The Government has ordered that from June 1st a warning in different colours be put on the labels of these soft drinks. While this is a good move, a better long-term solution would be to make people aware how and why they need to make their own fresh fruit drinks.
Saving electricity and fresh water is another way in which people could contribute towards the battle against climate change and global warming. While the reduction in these utility bills is useful, more important would be the contribution towards the mission to save Mother Nature. So, start today to switch off non-essential light bulbs and other electrical appliances. Do not open taps fully and do not use fresh water to wash vehicles or to water the plants. We need to look for alternative ways such as recycling of water or rain water harvesting.
Another area is the dumping of garbage or waste material. We need to consciously separate organic waste, polythene or plastic, metal or paper. If we collect the waste separately, we could even turn waste into something valuable instead of facing the crisis of garbage dumps such as the monstrosity at Kolonnawa. In Singapore, researchers have found that when wrappers, bags and other wastepaper are thrown on the roads arbitrarily it takes up to 20 minutes for a collector to pick them up. But if put into one basket, a collector could do it in two minutes.

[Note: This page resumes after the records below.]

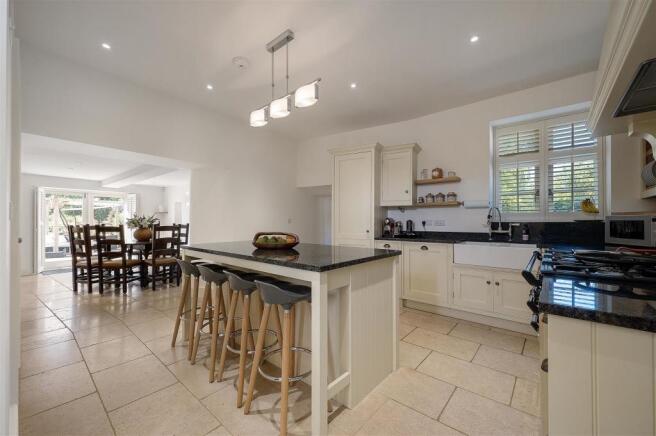Kitchen/Breakfast Room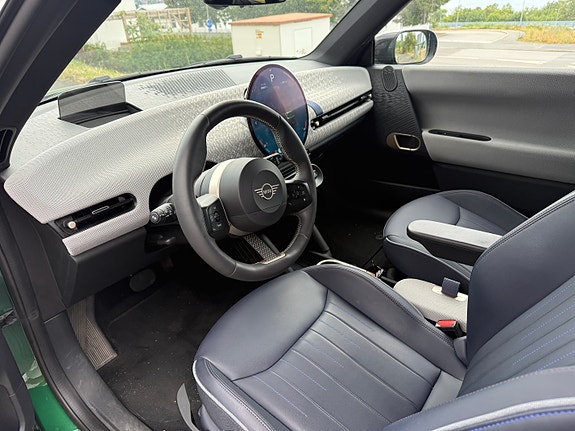 MINI Cooper SE 2 of 5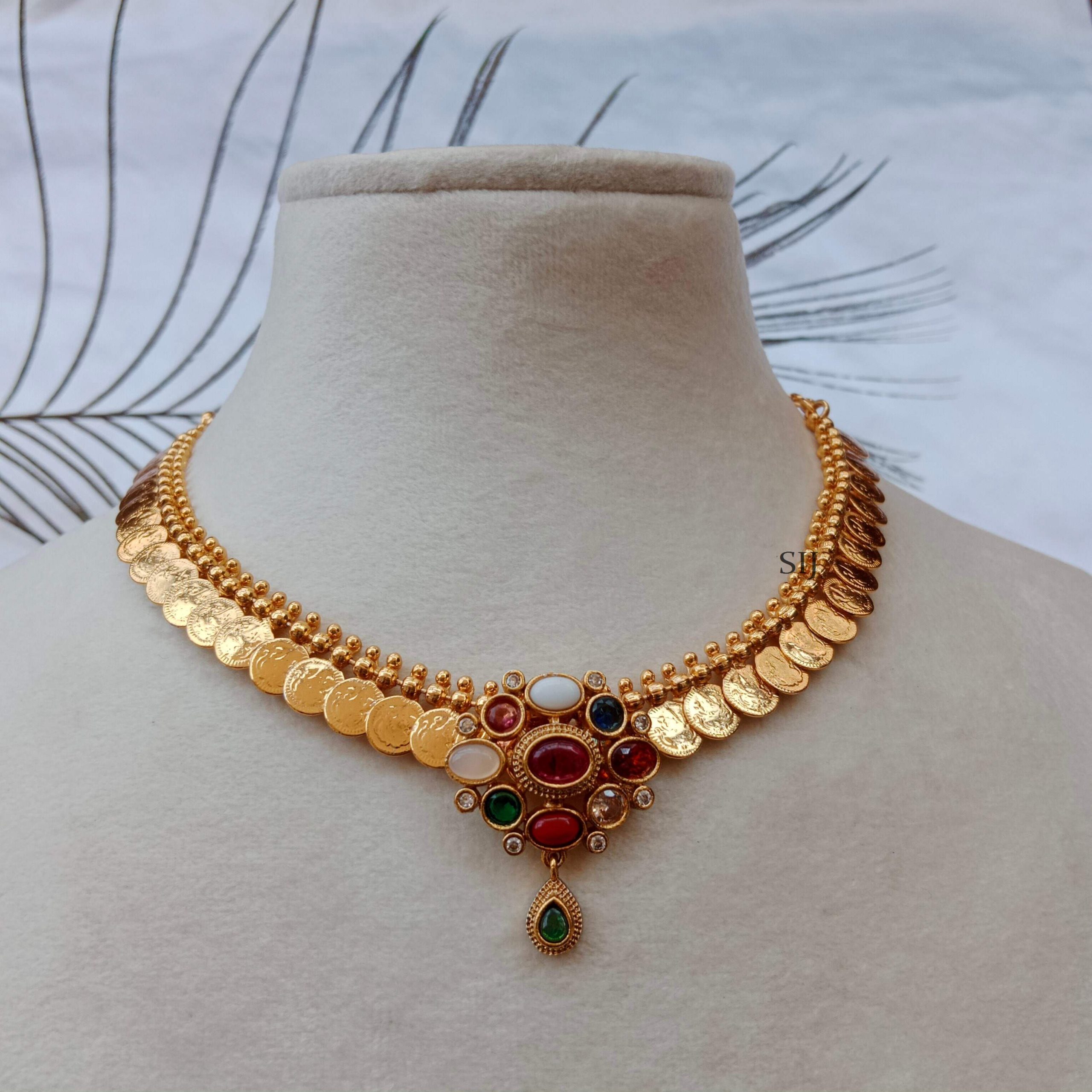 Traditional Navarathna Pendant Kasumala Necklace Set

A spiritual movement has made an eco-friendly move at a rally to be held in Ragama on Saturday. More than 15,000 people are expected from about 100 groups. Each group has been advised to bring its own wastepaper basket, collect all waste material in it and take the baskets back to their areas. The JVP did such a noble deed at its May Day rally held at the BRC grounds in Havelock Town. After the rally, party members collected the waste material in baskets and took them away, so that on May 2 morning the ground was clean, while hundreds of garbage collectors had to clear the political litter at Campbell Park, Galle and Kirillapone. As in other areas, example is the best teacher and truthfulness means do to what we say and preach only what we practise.